#### WHAT THE EXERCISE ASKS:
Repeat exactly the line that contains "Bullet Club - Latin America Tee" and every line after it, down to the last line of the entries below. Do not include pictures.

#### MATERIAL SHOWN:
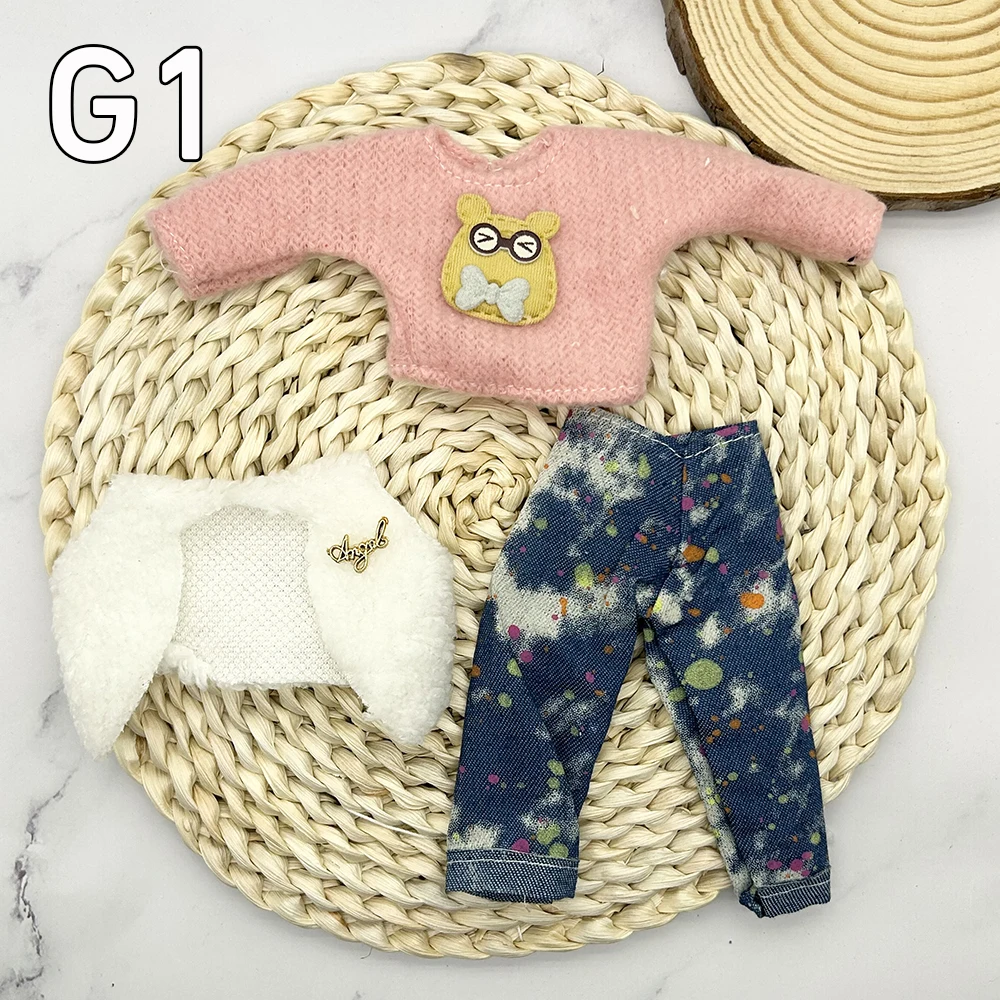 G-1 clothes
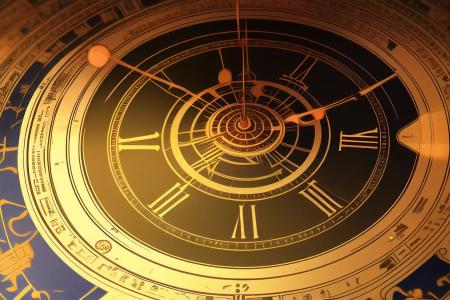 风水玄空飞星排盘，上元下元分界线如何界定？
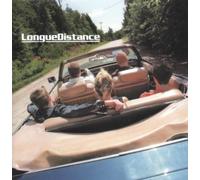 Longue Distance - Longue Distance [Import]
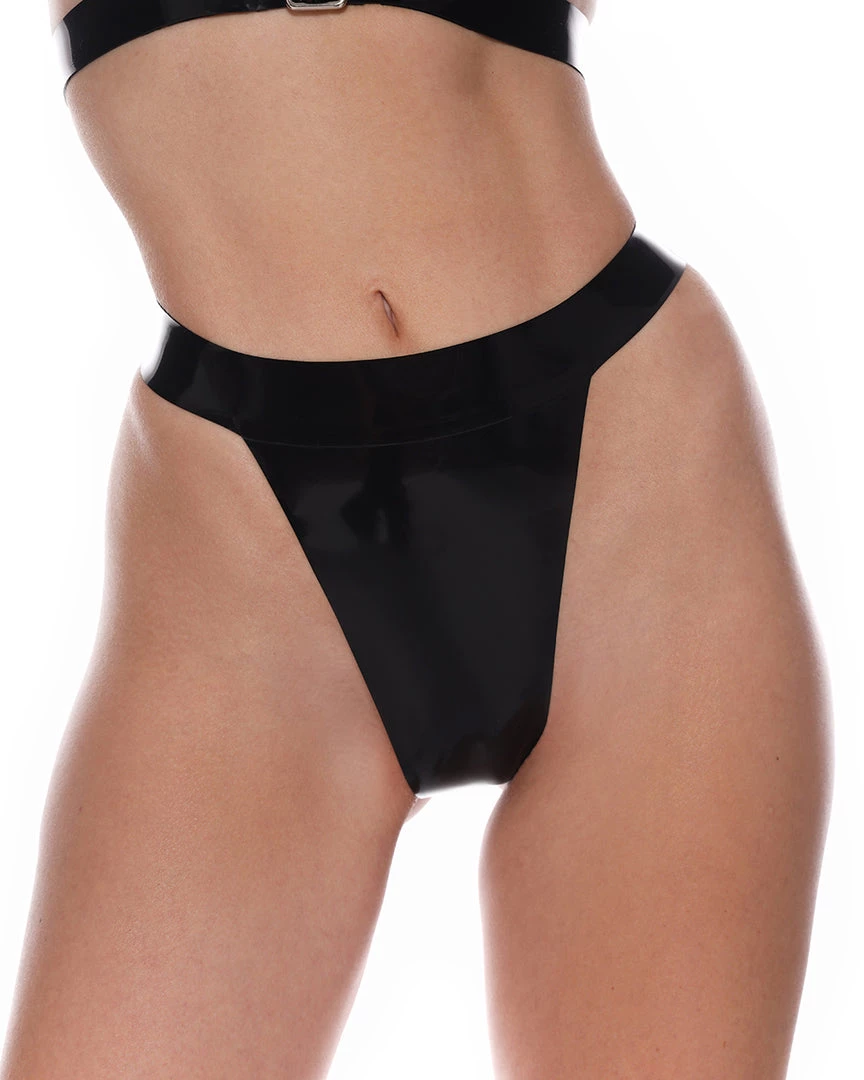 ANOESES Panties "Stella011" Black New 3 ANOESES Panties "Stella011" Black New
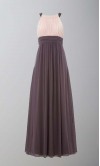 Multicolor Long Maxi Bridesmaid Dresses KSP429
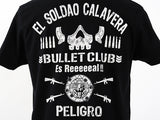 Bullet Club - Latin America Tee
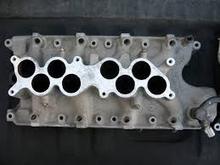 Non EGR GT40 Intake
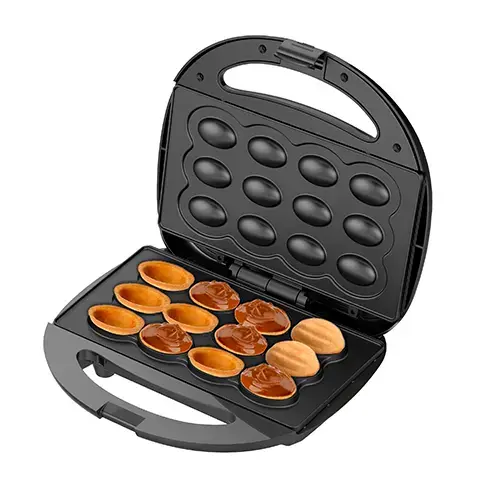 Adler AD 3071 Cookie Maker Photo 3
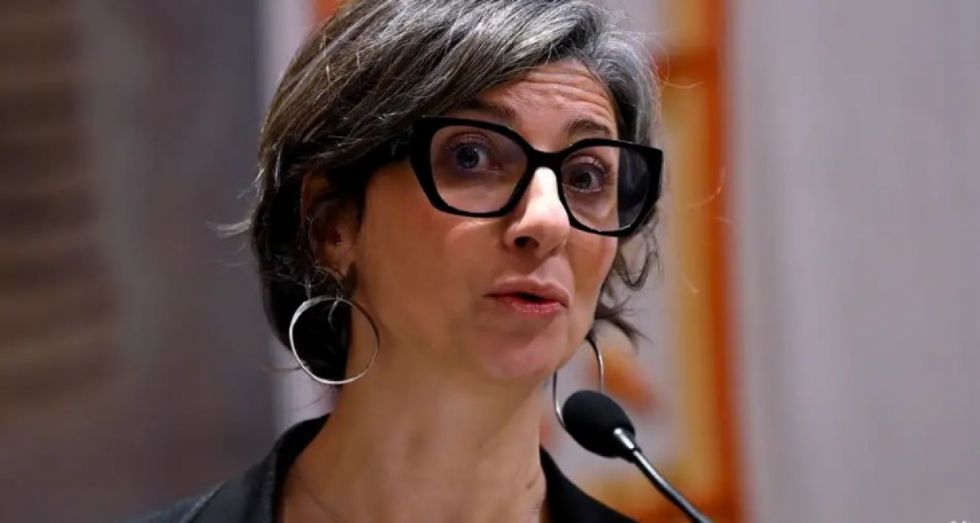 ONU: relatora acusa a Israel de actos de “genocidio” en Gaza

#### EXERCISE RESPONSE:
 Bullet Club - Latin America Tee
 Non EGR GT40 Intake
 Adler AD 3071 Cookie Maker Photo 3
 ONU: relatora acusa a Israel de actos de “genocidio” en Gaza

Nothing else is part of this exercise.